Defining a variable inside isset function

Question

I'm trying to save lines by trying to define a variable in isset() . Currently the only way I could make this work is this:

$setpass_accinfo = $dbconn->query("SELECT id,name,password FROM users WHERE id=" . $dbconn->real_escape_string(_GET('id')));
$setpass_accinfo_row = isset($setpass_accinfo->num_rows) ? $setpass_accinfo->fetch_assoc() : false;

So, I'm trying to combine those two lines into one, if you know what I mean. Something like this for example:

$setpass_accinfo = isset(($setpass_accinfo = $dbconn->query("SELECT id,name,password FROM users WHERE id=" . $dbconn->real_escape_string(_GET('id'))))->num_rows) ? $setpass_accinfo->fetch_assoc() : false;

The issue is that it gives me an error about using $setpass_accinfo and I don't know how to fix it or if it's even possible. Any thoughts?

Answer 1

This can get a little messy at times but:

$setpass_accinfo_row = !empty($setpass_accinfo = $dbconn->query("SELECT id,name,password FROM users WHERE id=" . $dbconn->real_escape_string(_GET('id')))) ? $setpass_accinfo->fetch_assoc() : false;

Connot use isset() on the result of an expression
When you use single equal in an if statement, the $variable is assigned the value of the right side of the equal, then the variable is evaluated in the empty() , in this case.

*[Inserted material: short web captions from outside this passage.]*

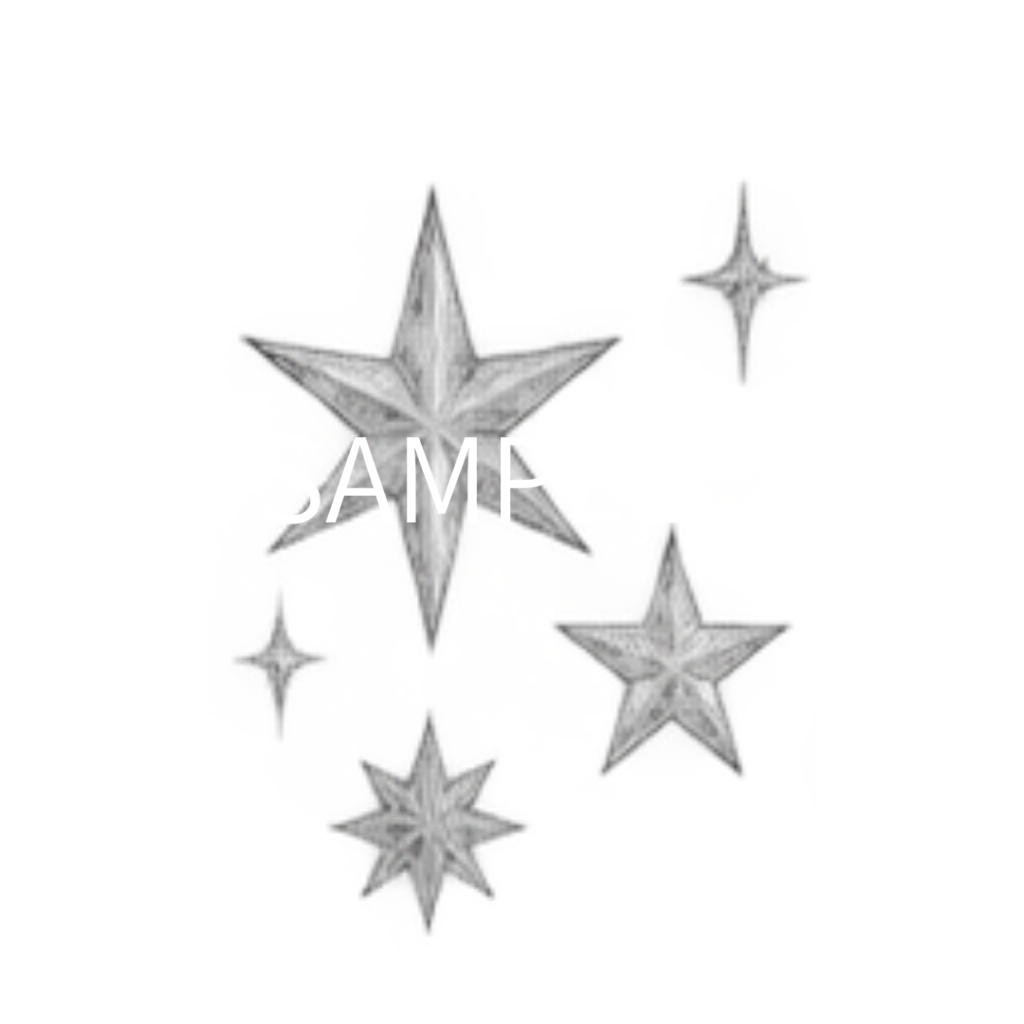 【月・星・宇宙のイラスト素材】41点セット|背景透過|PNG|クリップアート|Moon & Star|モノトーン|手描き風 | Moon & Star | Moon, Star & Space Clip Art – 41 Piece Set | Transparent PNG・Monochrome・Hand-Drawn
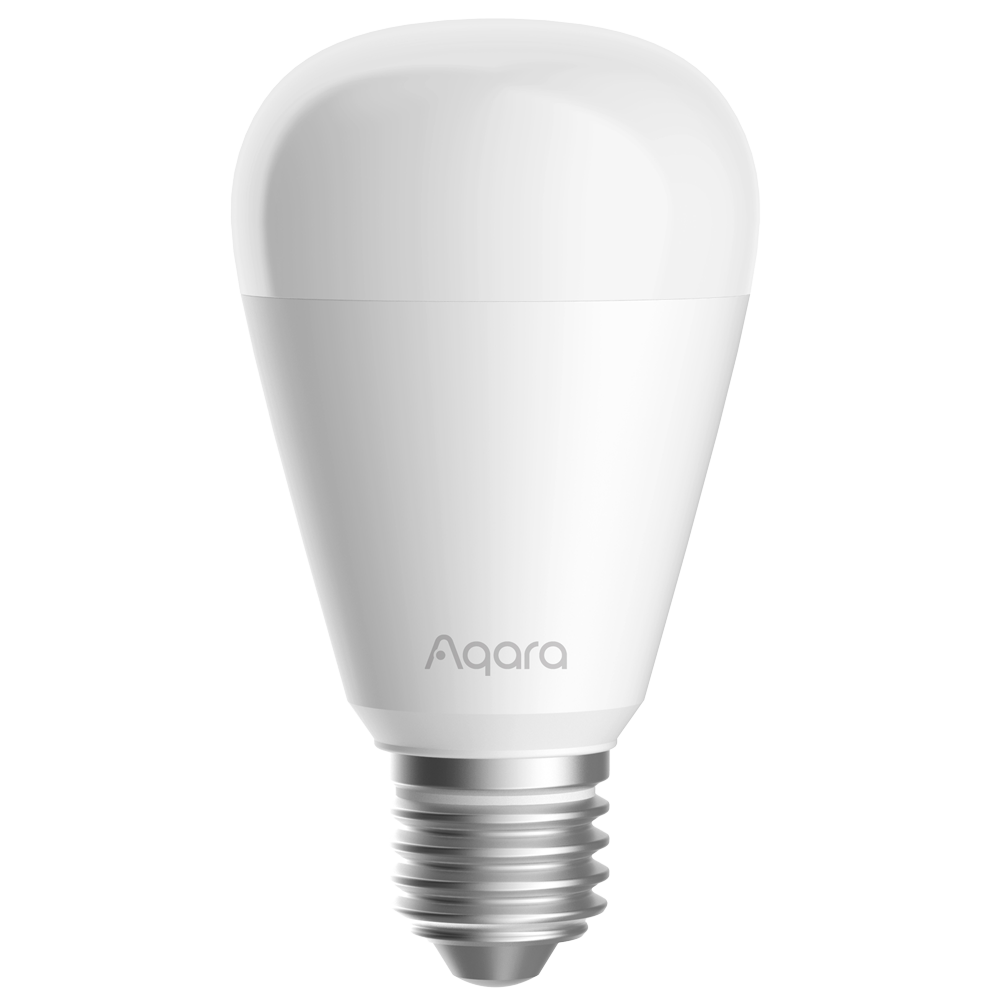 Aqara LED Bulb T2 (CCT, E27) - Zigbee 3.0 / Thread / Bluetooth - Understøtter Matter - Kræver AQARA HUB 3.0 / Border Router - 25.000 timers levetid - Understøtter Apple Homekit, Google, Alexa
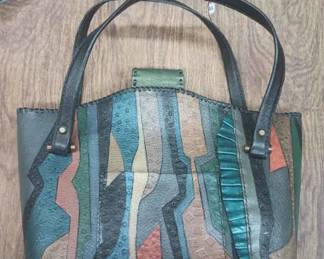 CIP00D - Multicolored Design Handbag 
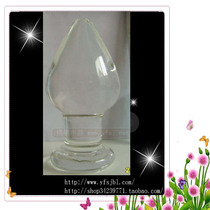 Crystal glass anal bead anal plug simulation penis female masturbator sail 2310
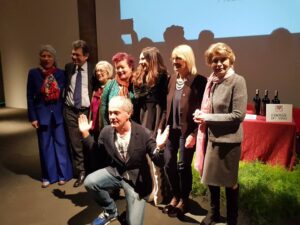 Firenze-Palazzo-Vecchio-Donne-del-Vino-in-preparazione-del-G20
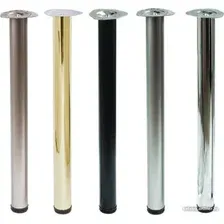 Опора мебельная AKS круглая d60 h710, черный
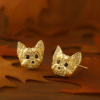 Puppy Earrings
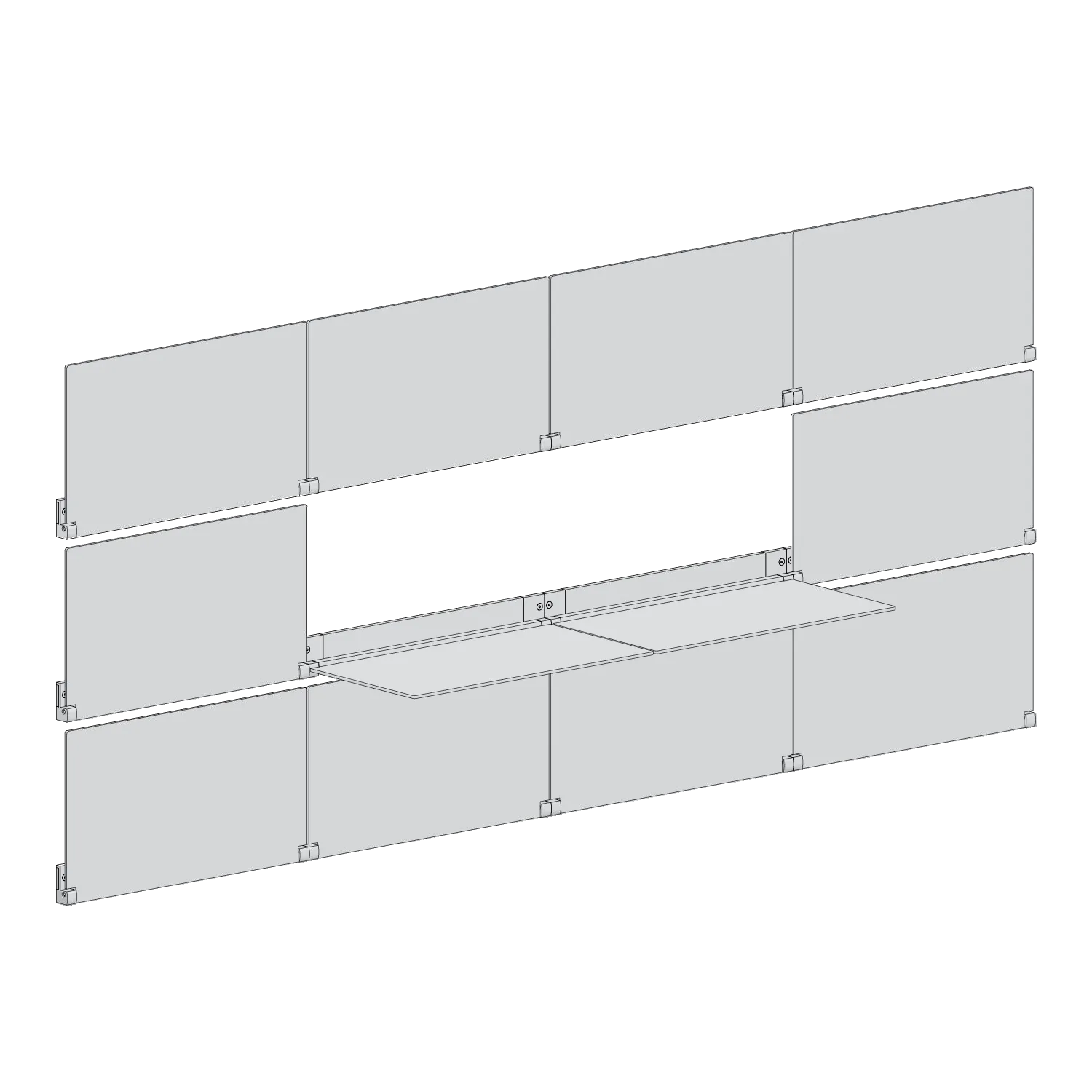 RIVELI 4X3 line drawing, LUXE (no artwork panels)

And precedence dictates the it is defined before the ternary operation is reached.

Answer 2

You can use this:

$setpass_accinfo_row = $dbconn->query("SELECT ...")->fetch_assoc() ?: false;

• $dbconn->query() returns mysqli result
• $dbconn->query()->fetch_assoc() returns:
  • An associative array that corresponds to the fetched row
  • NULL if no row was found
• The ?: is the shorter form of ternary operator which, in this case, returns the array or false

Note that it does not check if the query executed successfully.